Sichuan-style smashed cucumber salad
Explore the vibrant flavors of Sichuan cuisine with this zesty smashed cucumber salad. Immerse your taste buds in a symphony of spicy, tangy, and refreshing notes. Perfect for those craving a culinary adventure.
Ingredients:
- 1 whole English cucumber, washed, peeled in any especially thick areas (see notes)
- Kosher salt
- 2 medium cloves garlic, minced (about 2 teaspoons)

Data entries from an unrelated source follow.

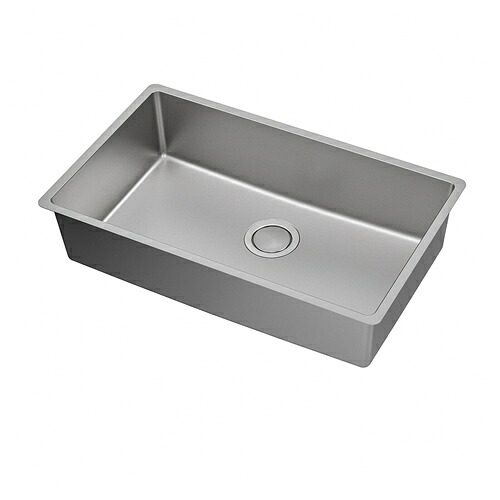 [IKEA/イケア/通販]VRESJON ヴレショーン はめ込み式シンク 1ボウル, ステンレススチール[3](a)(69425732)｜WEBYセレクション　店
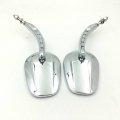 Httmt- Chrome Big Side Mirrors Compatible With 1984up H-d Dyna Street Bob Low Rider Fat Wide Glide Switchback Cvo Trike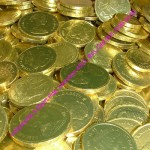 gold chocolate coins bulk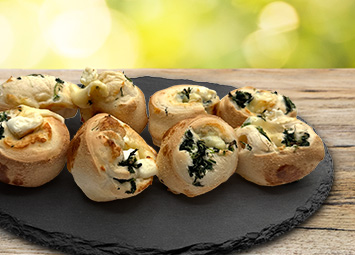Produktbild Pizzabrötchen Spinat Feta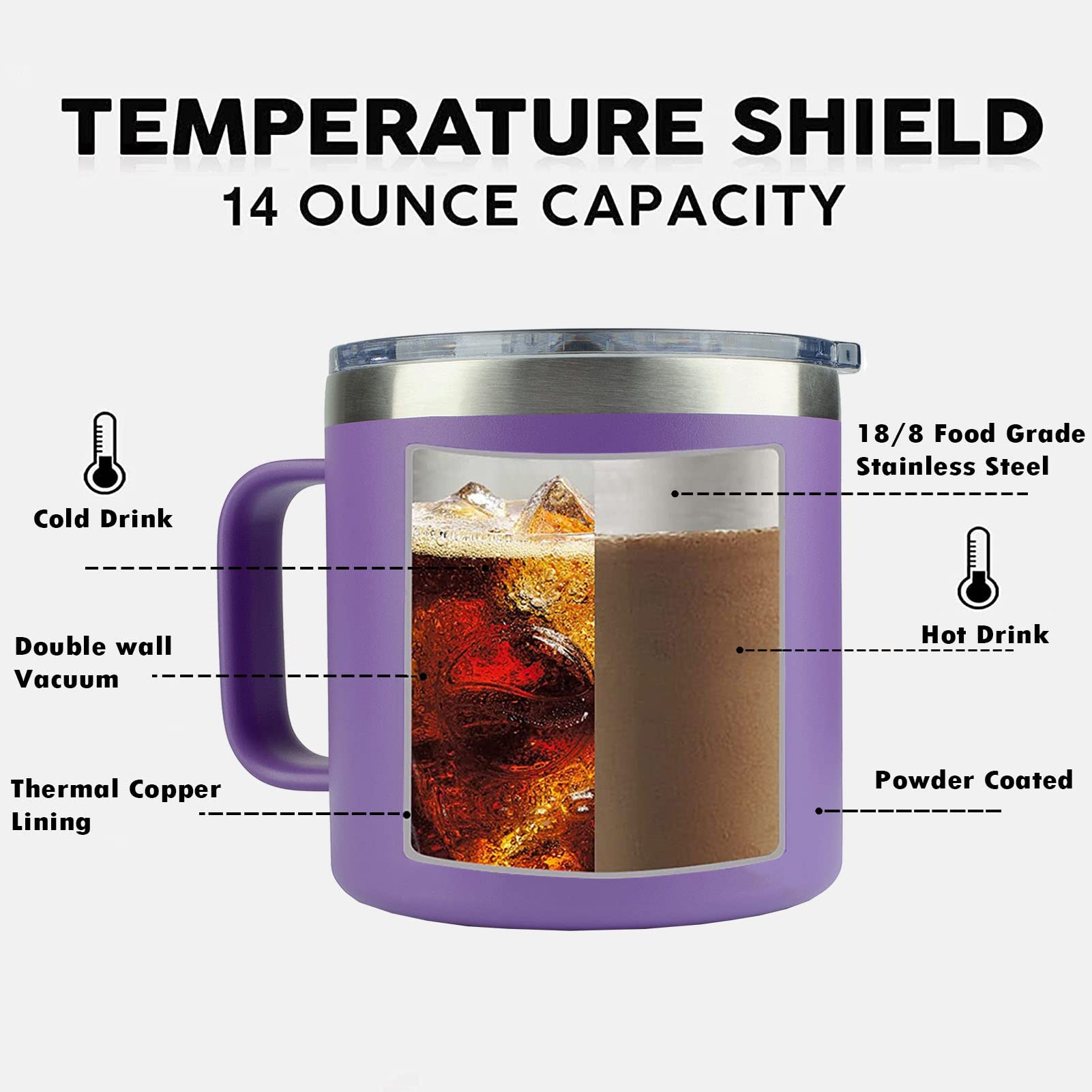 Taza uso diario WECACYD para interior, comodidad y estilo.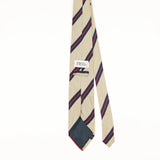 Back of Vintage 1990's Striped Patterned Tie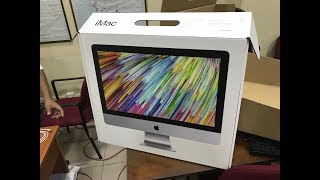 Apple iMac 21.5” 4K 2017 - Unboxing and Setup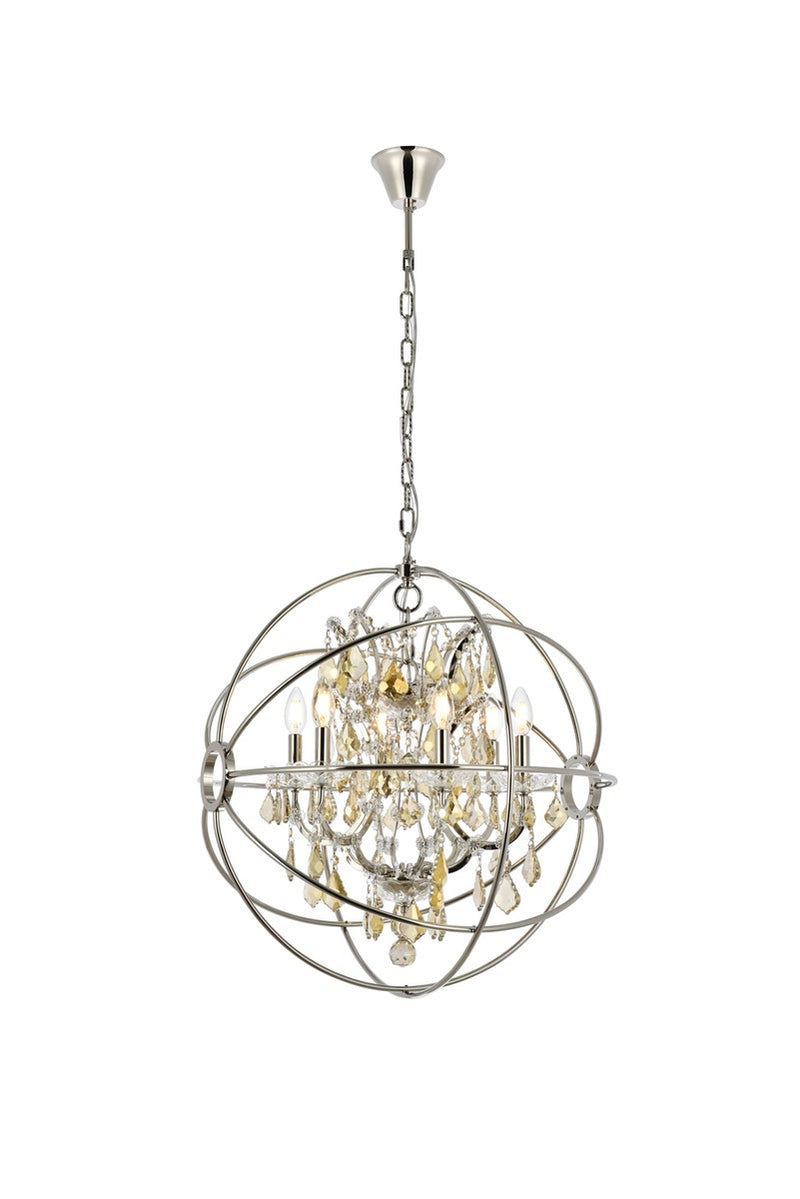 Geneva 6-Light Chandelier - Lamps Expo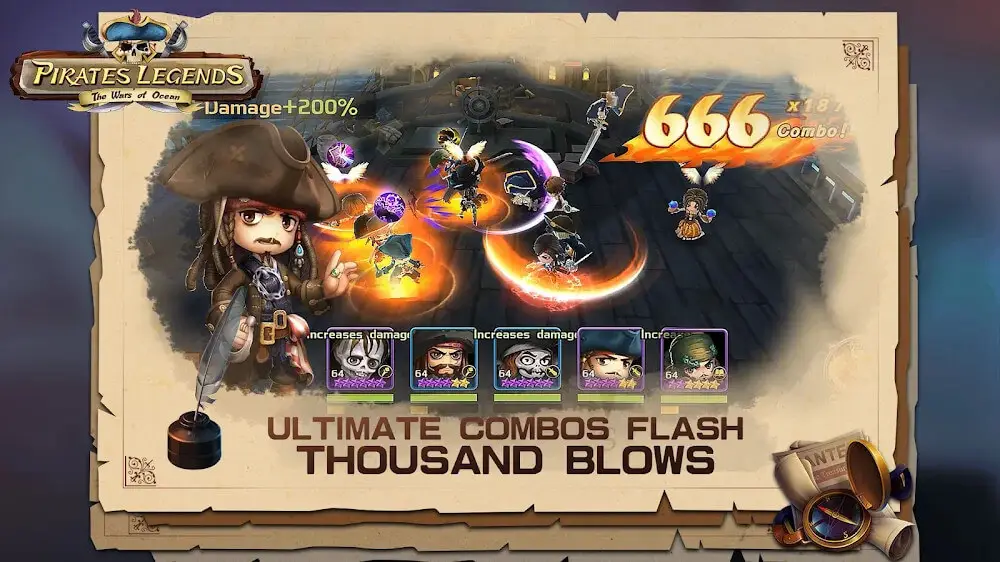 Screenshot of the Pirates Legends game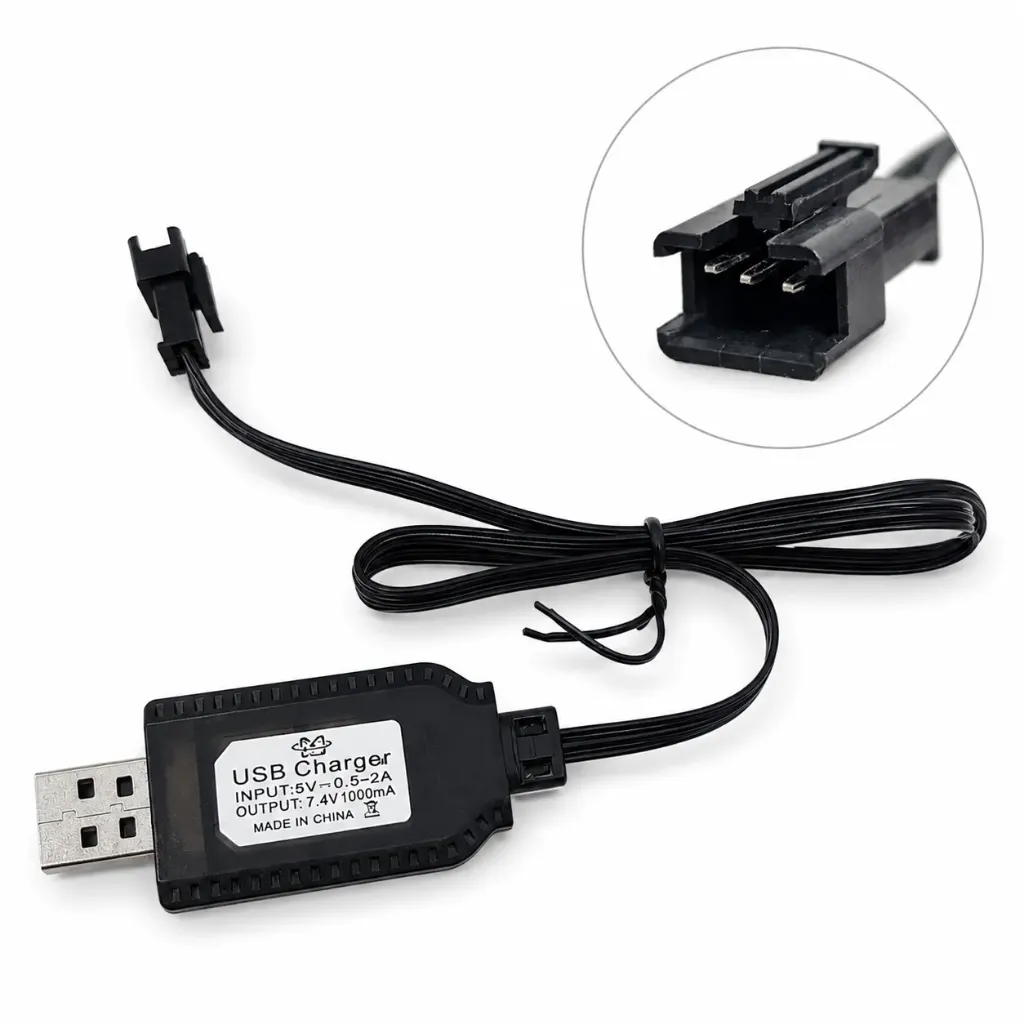 كابل شحن 7.4v 3Pin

- 1 teaspoon black vinegar or rice vinegar
- 1/2 teaspoon sesame oil (optional)
Instructions:
- Take the cleaned cucumber and place it on a stable, flat, and tidy surface. Gently but firmly hit it using the flat part of a heavy knife or the underside of an 8-inch pan. Repeat this process along the entire length until the cucumber is completely crushed. Cut the cucumber into 1-inch pieces horizontally and place them in a colander positioned over a bowl. Mix in some salt, then refrigerate for 10 minutes. Drain the liquid that comes out and move the cucumber pieces back into the bowl.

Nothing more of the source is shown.